Wenn die Interessenvertreter zur Lobbyarbeit nach Berlin ausschwärmen, dann wollen sie eigentlich nur informieren. Informieren über die wirtschaftliche Situation ihrer Branche, informieren über Folgen eines neuen Gesetzes oder auch über angeblich verzerrte Argumente der Gegenseite. Im Vorfeld der neuen Urheberrechtsreform wurde in den vergangenen zwei Jahren viel informiert: ungewöhnlich laut und häufig mit dem Hinweis auf einen drohenden wirtschaftlichen Niedergang.
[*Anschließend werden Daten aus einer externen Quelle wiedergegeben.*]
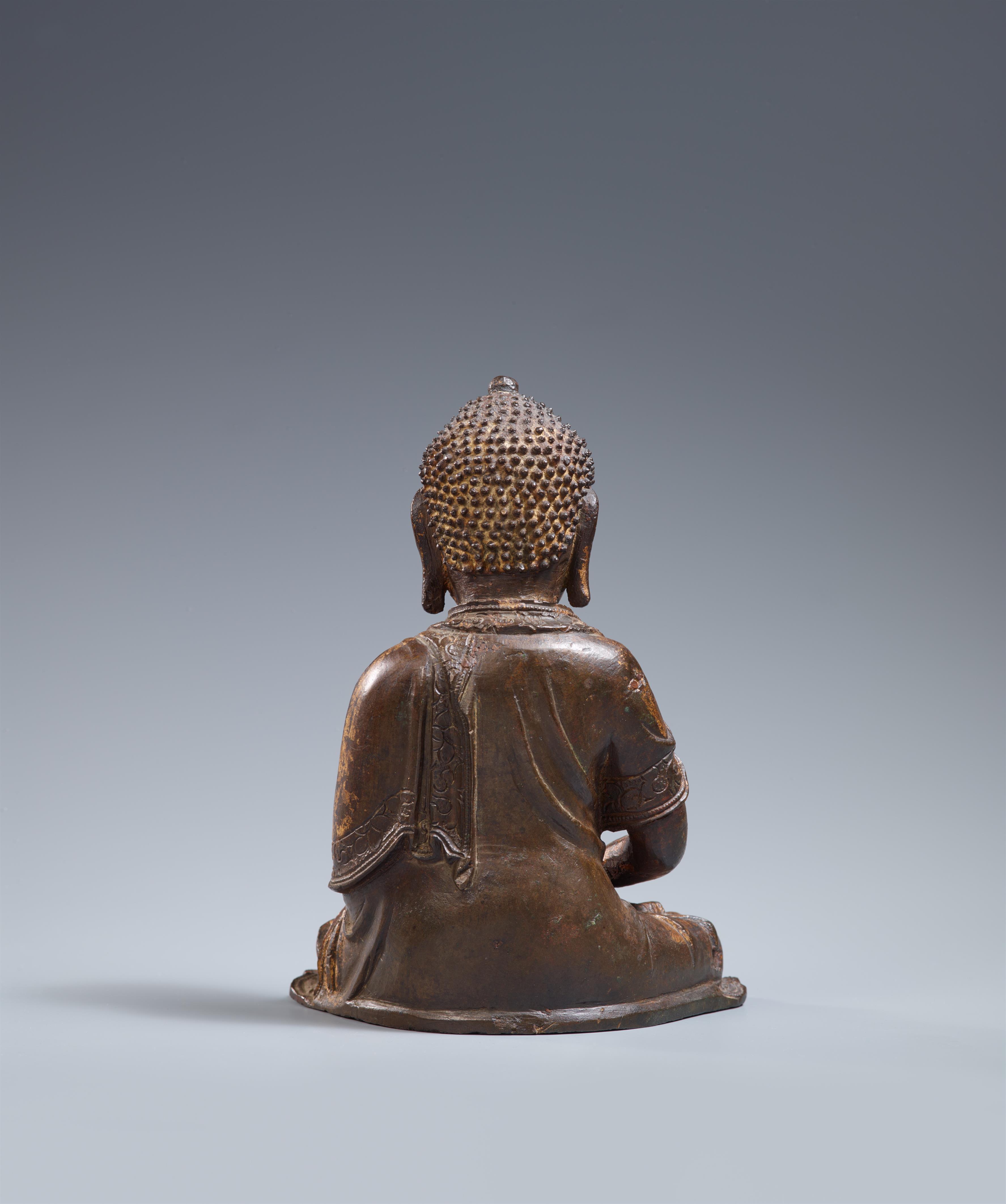 A small gilded and lacquered bronze figure of Buddha Shakyamuni. Ming dynasty, 16th century - image-2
Doch auch düstere Prognosen müssen erst einmal die Abgeordneten in Berlin erreichen. Das geht am besten auf den so genannten Anhörungen. Eingeladen war jedoch nur ausgewähltes Publikum, so der Medienjournalist Stefan Krempl. "Das waren fast nur Industrievertreter, von der GEMA, dem DIN-Institut und dem Börsenverein. Von der Nutzerseite dagegen saßen da nur der Bundesverband der Verbraucherzentrale und die IFROD. Die waren zu zweit alleine gegen eine Horde von Lobbyisten aus der anderen Industrie."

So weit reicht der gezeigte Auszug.